* _Input data_

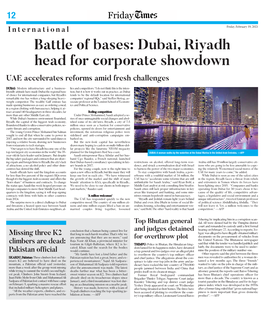 Battle of Bases: Dubai, Riyadh Head for Corporate Showdown UAE Accelerates Reforms Amid Fresh Challenges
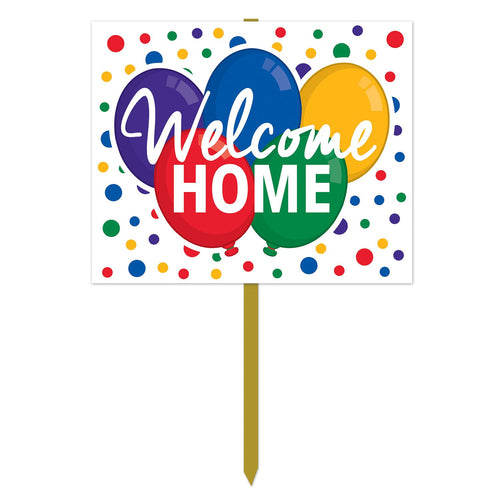 Beistle Welcome Home Yard Sign - General Occasion | Party Supply | Decoration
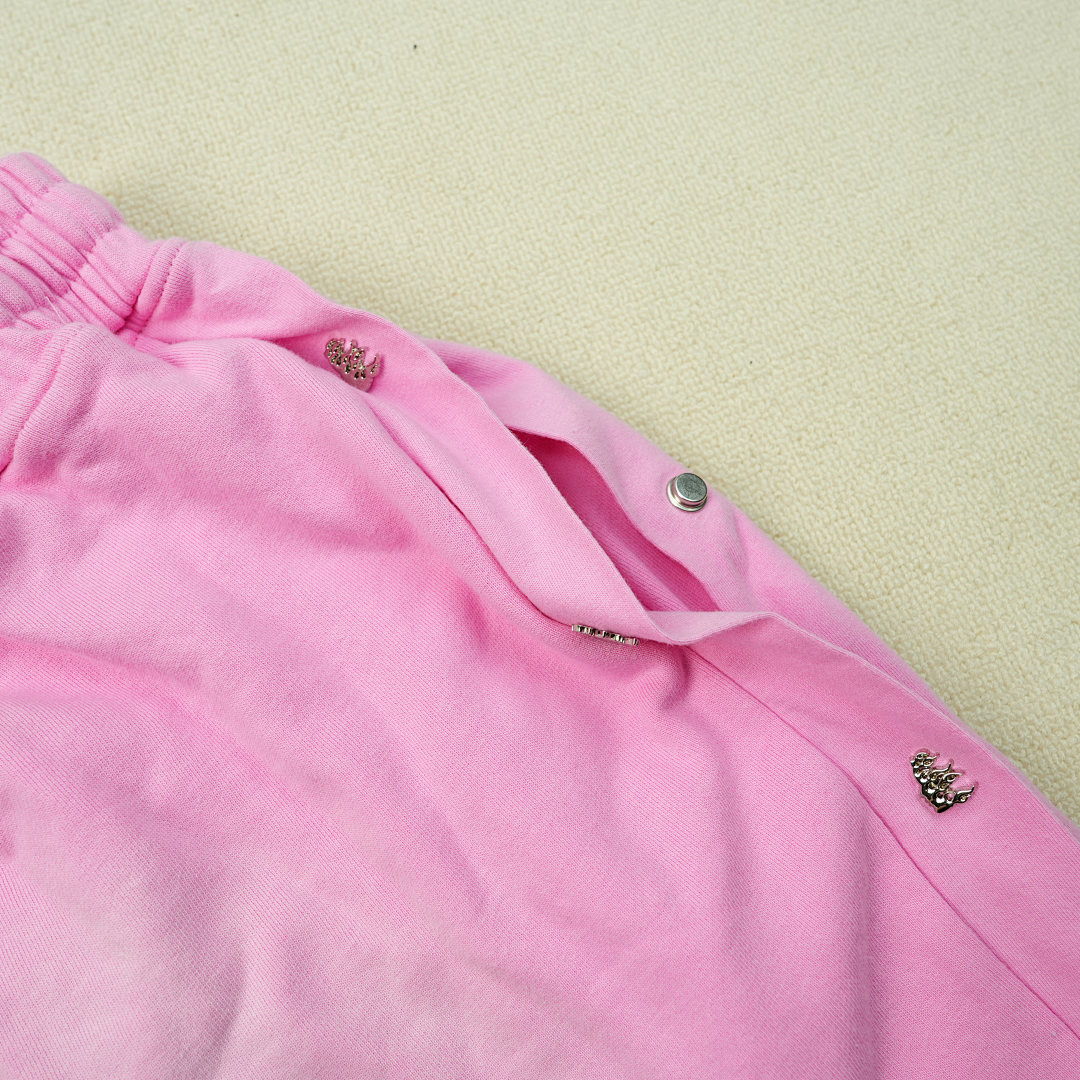 Other 290 Hellstar Snap Sweatshorts Shorts (Pink) - Image 14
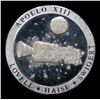 Image 3 : Apollo XIII proof 1 oz .999 silver round silver round GEM Proof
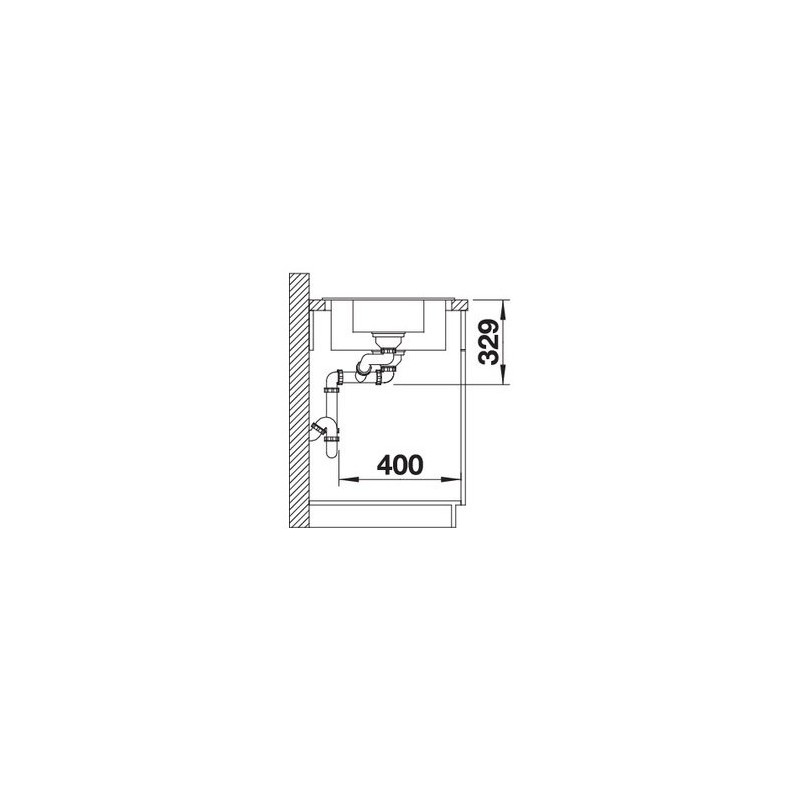 BLANCO 1519858 Sona 6 S lavello 1 vasca+vaschetta+gocciolatoio 100x50cm Silgranit Tartufo Qualità Garantita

* _What to work on_
A verbatim reproduction of each entry is expected, with every picture omitted.

* _Reply to the exercise_
 Battle of Bases: Dubai, Riyadh Head for Corporate Showdown UAE Accelerates Reforms Amid Fresh Challenges
 Beistle Welcome Home Yard Sign - General Occasion | Party Supply | Decoration
 Other 290 Hellstar Snap Sweatshorts Shorts (Pink) - Image 14
 Image 3 : Apollo XIII proof 1 oz .999 silver round silver round GEM Proof
 BLANCO 1519858 Sona 6 S lavello 1 vasca+vaschetta+gocciolatoio 100x50cm Silgranit Tartufo Qualità Garantita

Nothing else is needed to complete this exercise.